I also tend to get a little cozy and hobbity as we head into fall.  I’m gradually collecting a couple of other crafty/homemaker-y books that have suggestions for seasonal pleasures too – some of them are probably a little too “rustic cabin lifestyle” for me to be able to achieve here in Brooklyn (I mean, I could harvest grapevines for a wreath in Brooklyn Botanic Garden, but I’d probably get in trouble), but a relaxed supper of a simple root vegetable stew while sitting by the window?  Sure.

But that’s more for October or November.  We’re just on the first day of September, and I have August to account for.

Taking Stock

Making: I actually finished several of the craft projects I had set aside to do while Roommate Russ was in Korea.  One big advantage was getting to use my friends Colin and Niki’s rental house early in August; although, I was there as their proxy last-stage cleaner-outer before they sold it. It was a little bittersweet, but kind of fitting – I was one of the friends who helped them fix it up when they first bought it about ten years ago.
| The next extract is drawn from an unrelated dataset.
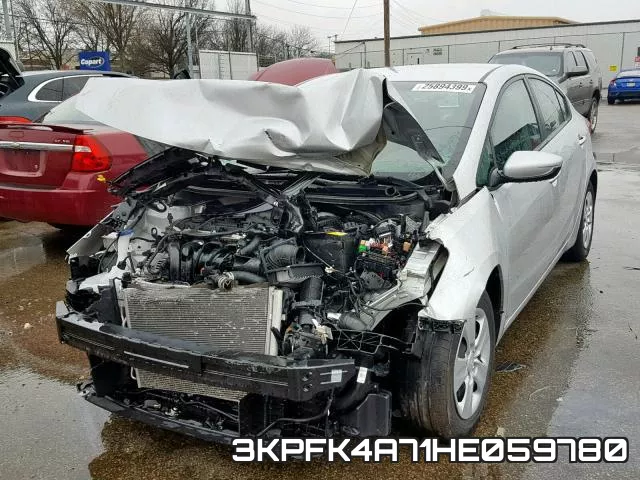 3KPFK4A71HE059780 фото 3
They’re leaving most of it as-is – the new owners are going to also rent it out, and likely will keep most of the furniture and tchotchkes (including the potholders I hand-knit!), so I just had to bag up a couple boxes’ worth of trash and retrieve a couple of sentimental things for them.

Otherwise, I had a long weekend in the house on my own – which included using their big huge deck to do a couple spray-paint projects (yep, finally got to the “making” bit).  I’d been meaning to refinish a battered metal TV tray I’d had for years, and also repaint a water bottle that was a promotional giveaway and looked ugly as heck.  A half hour on the deck with some spray paint, followed by some decoupage for the TV tray and some judicious use of varnish and I like them much better.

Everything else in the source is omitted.